The MLPerf Training benchmark aims to be a representation of the workload that not only requires high throughput and high compute, but also reaches the target convergence metric. It measures the time to convergence.
MLPerf training has two different divisions: the closed division and the open division. The open division enables new model architectures, model update mechanisms, and other research efforts that allow you to reach the target quality of service.
Our submission to the MLPerf Training benchmarks is for the MLPerf closed division. This submission ensures that comparisons can be made like-for-like among other closed division submitters. These closed divisions require following the same dataset preprocessing, model, training method, and quality target as the reference implementation. For example, the hyperparameters must be the same as the reference implementation. Hyperparameters include the optimizer used and values like the regularization norms and weight decays.
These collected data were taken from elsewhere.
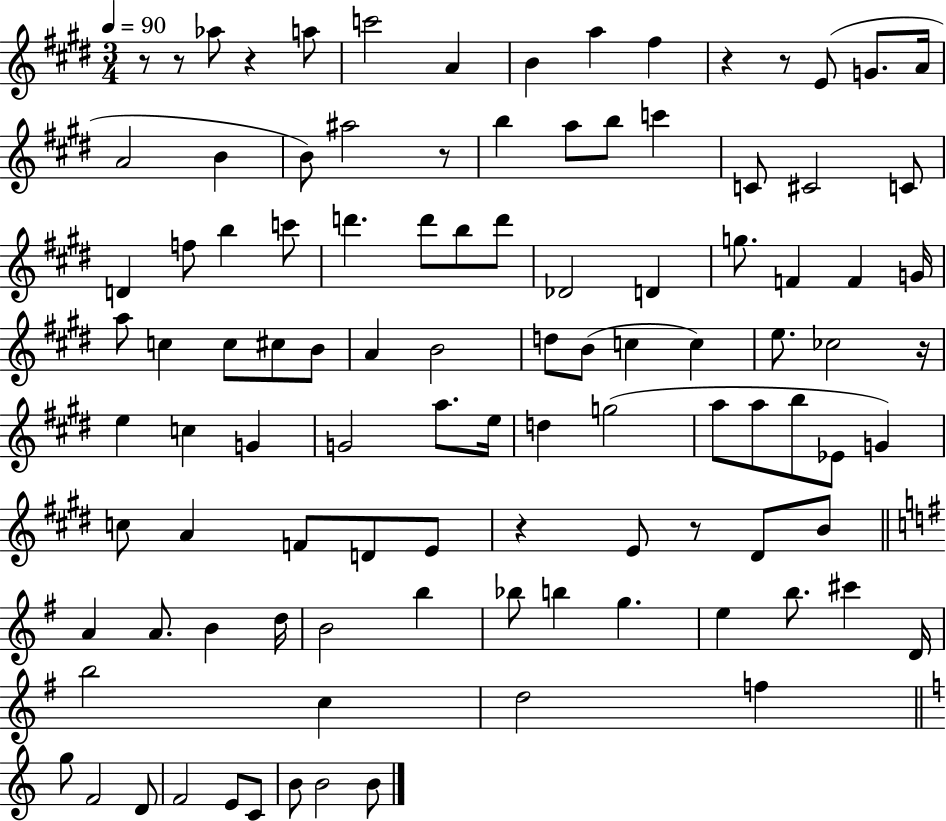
R/e R/e Ab5/e R/q A5/e C6/h A4/q B4/q A5/q F#5/q R/q R/e E4/e G4/e. A4/s A4/h B4/q B4/e A#5/h R/e B5/q A5/e B5/e C6/q C4/e C#4/h C4/e D4/q F5/e B5/q C6/e D6/q. D6/e B5/e D6/e Db4/h D4/q G5/e. F4/q F4/q G4/s A5/e C5/q C5/e C#5/e B4/e A4/q B4/h D5/e B4/e C5/q C5/q E5/e. CES5/h R/s E5/q C5/q G4/q G4/h A5/e. E5/s D5/q G5/h A5/e A5/e B5/e Eb4/e G4/q C5/e A4/q F4/e D4/e E4/e R/q E4/e R/e D#4/e B4/e A4/q A4/e. B4/q D5/s B4/h B5/q Bb5/e B5/q G5/q. E5/q B5/e. C#6/q D4/s B5/h C5/q D5/h F5/q G5/e F4/h D4/e F4/h E4/e C4/e B4/e B4/h B4/e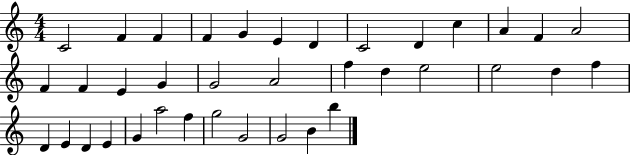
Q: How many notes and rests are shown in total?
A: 37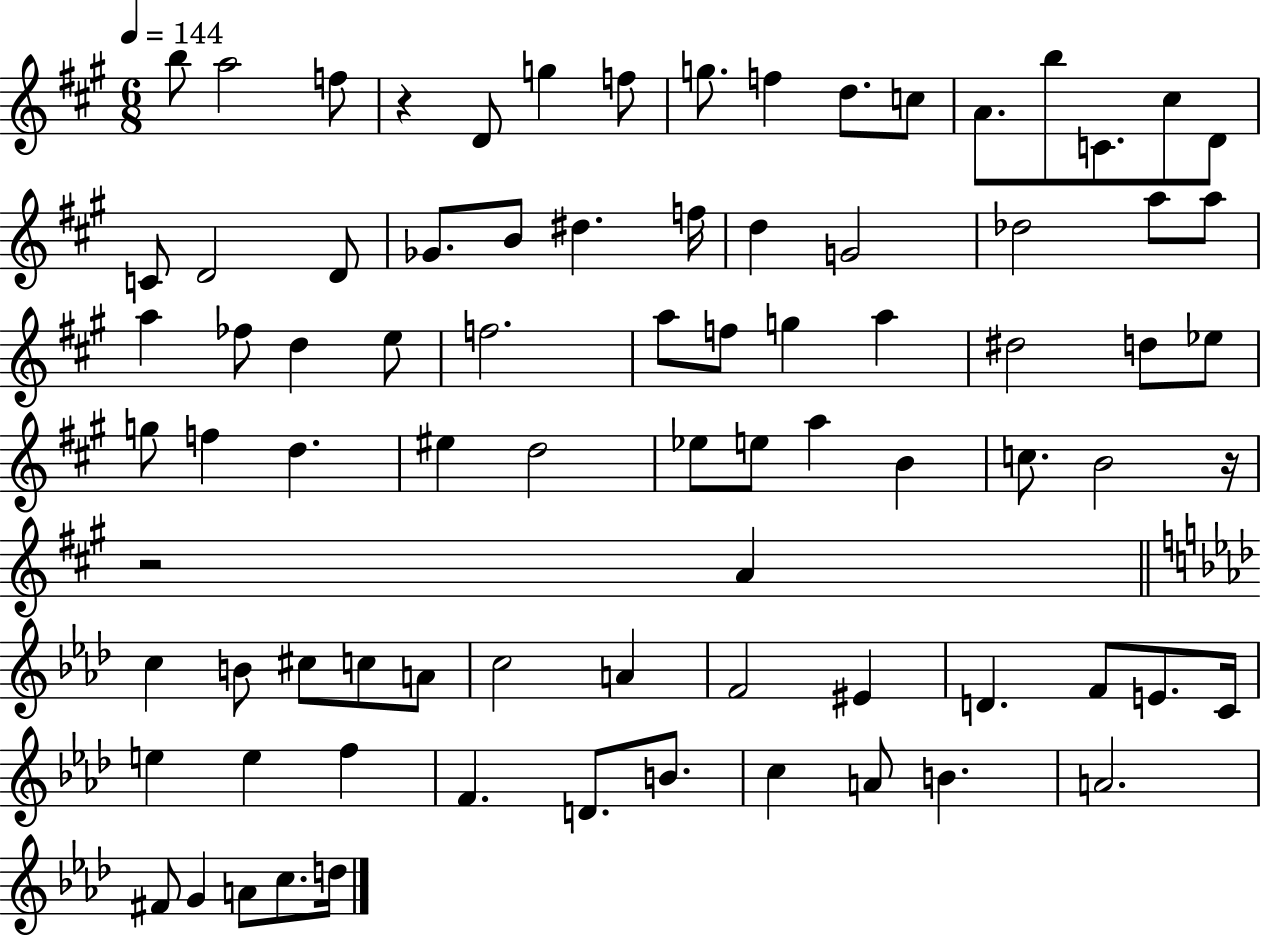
{
  \clef treble
  \numericTimeSignature
  \time 6/8
  \key a \major
  \tempo 4 = 144
  b''8 a''2 f''8 | r4 d'8 g''4 f''8 | g''8. f''4 d''8. c''8 | a'8. b''8 c'8. cis''8 d'8 | \break c'8 d'2 d'8 | ges'8. b'8 dis''4. f''16 | d''4 g'2 | des''2 a''8 a''8 | \break a''4 fes''8 d''4 e''8 | f''2. | a''8 f''8 g''4 a''4 | dis''2 d''8 ees''8 | \break g''8 f''4 d''4. | eis''4 d''2 | ees''8 e''8 a''4 b'4 | c''8. b'2 r16 | \break r2 a'4 | \bar "||" \break \key aes \major c''4 b'8 cis''8 c''8 a'8 | c''2 a'4 | f'2 eis'4 | d'4. f'8 e'8. c'16 | \break e''4 e''4 f''4 | f'4. d'8. b'8. | c''4 a'8 b'4. | a'2. | \break fis'8 g'4 a'8 c''8. d''16 | \bar "|."
}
The following table lists the available benchmarks to which you can submit and the corresponding expected quality target. For a submission to be valid, the accuracy for that specific model must converge to the specified quality target.
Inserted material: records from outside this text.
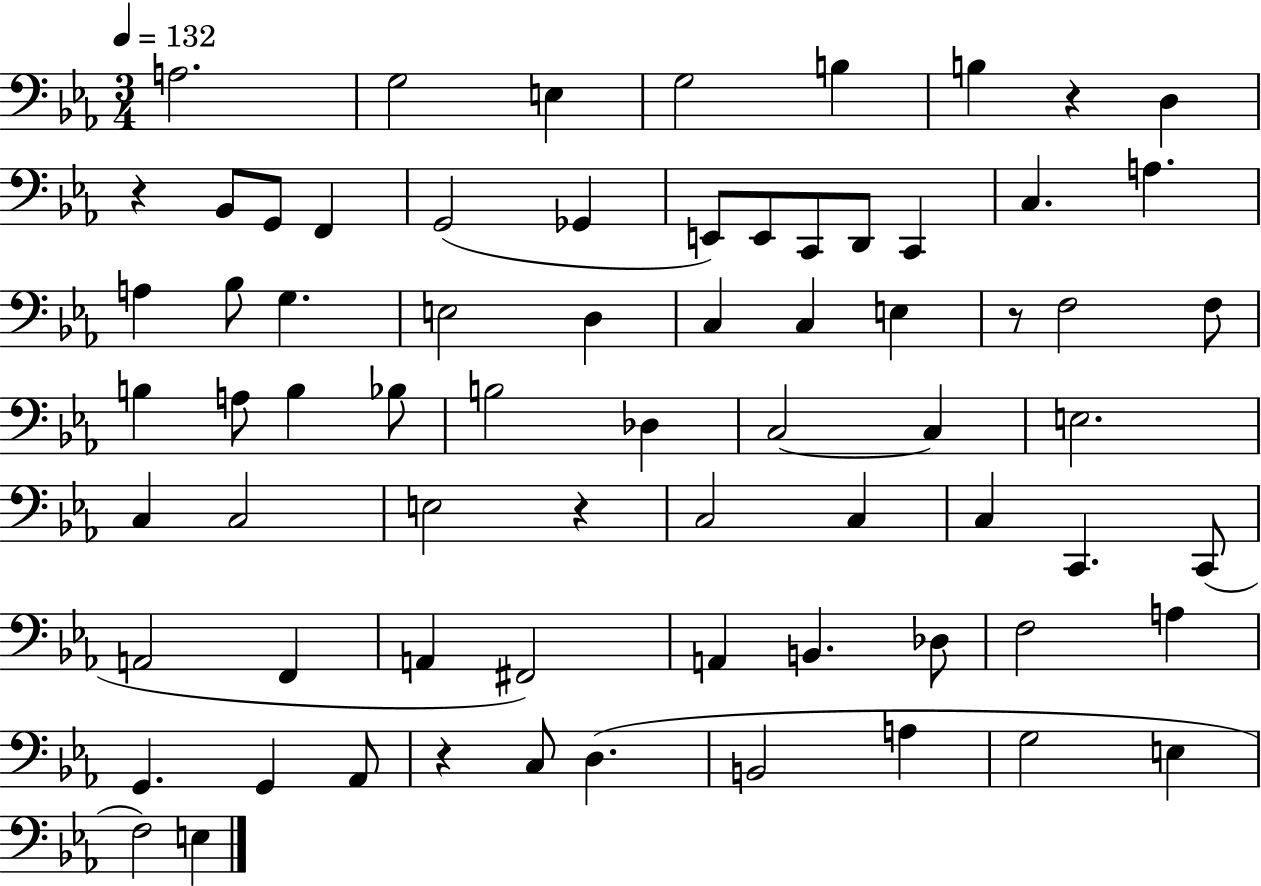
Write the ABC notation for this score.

X:1
T:Untitled
M:3/4
L:1/4
K:Eb
A,2 G,2 E, G,2 B, B, z D, z _B,,/2 G,,/2 F,, G,,2 _G,, E,,/2 E,,/2 C,,/2 D,,/2 C,, C, A, A, _B,/2 G, E,2 D, C, C, E, z/2 F,2 F,/2 B, A,/2 B, _B,/2 B,2 _D, C,2 C, E,2 C, C,2 E,2 z C,2 C, C, C,, C,,/2 A,,2 F,, A,, ^F,,2 A,, B,, _D,/2 F,2 A, G,, G,, _A,,/2 z C,/2 D, B,,2 A, G,2 E, F,2 E,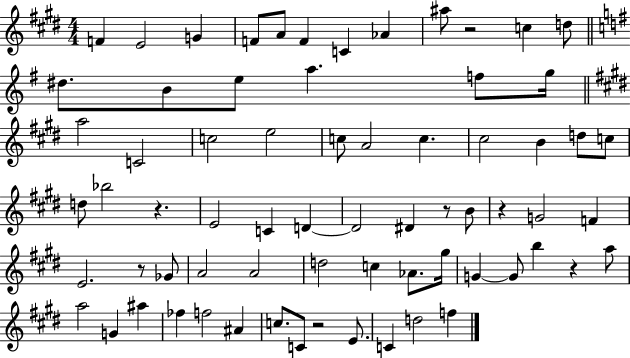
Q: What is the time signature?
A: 4/4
Area | Benchmark | Dataset | Quality target | Reference implementation model |
Vision
| Image classification | ImageNet | 7.90% classification | ResNet-50 v1.5 |
Image segmentation (medical) | KiTS19 | 0.908 Mean DICE score | 3D U-Net | |
Object detection (lightweight) | Open Images | 34.0% mAP | RetinaNet | |
Object detection (heavy weight) | COCO | 0.377 Box min AP and 0.339 Mask min AP | Mask R-CNN | |
Language
| Speech recognition | LibriSpeech | 0.058 Word Error Rate | RNN-T |
NLP | Wikipedia 2020/01/01 | 0.72 Mask-LM accuracy | BERT-large | |
Commerce | Recommendation | 17B Click Logs | 0.8025 AUC | DLRM |
Research | Reinforcement learning | Go | 50% win rate compared to checkpoint | Mini Go (based on Alpha Go paper |
Source: https://mlcommons.org/en/training-normal-20/
The submissions expect a different number of runs for each benchmark. The difference in the number of runs for each benchmark is because of the variance of the benchmark result, the cost of each run, and the likelihood of convergence.
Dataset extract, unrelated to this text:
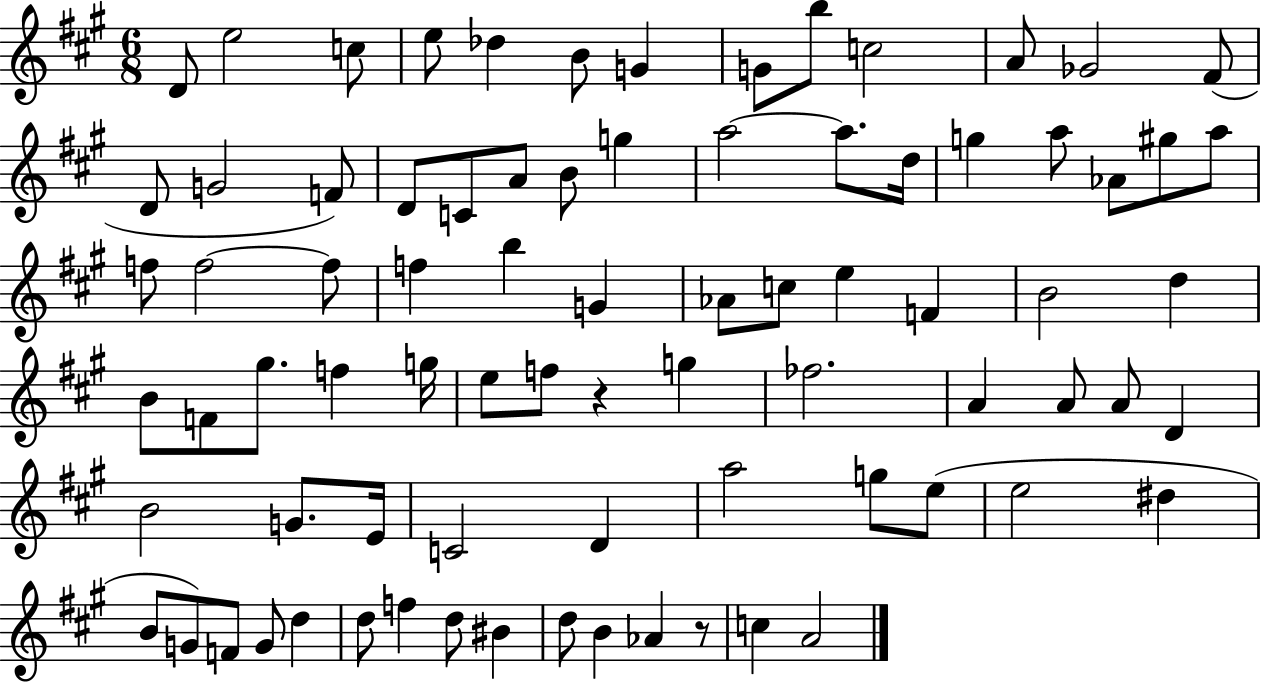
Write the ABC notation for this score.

Area | Problem | Minimum number of runs |
Vision | Image classification | 5 |
Image segmentation (medical) | 40 | |
Object detection (lightweight) | 5 | |
Object detection (heavy weight) | 5 | |
Language | NLP | 10 |
Speech recognition | 10 | |
Commerce | Recommendation | 5 |
Research | Reinforcement learning | 10 |
The MLPerf Training suite uses a compliance checker to ensure that each submitter is submitting to the benchmark fairly. The compliance checker is the RCP checker. Reference convergence points (RCPs) ensure that the convergence of the submission does not deviate from the convergence of the reference. Its purpose is to avoid cases where submission convergence is faster than the reference. Reference implementation convergence sets a lower bound on epoch convergence that a valid submission must not surpass.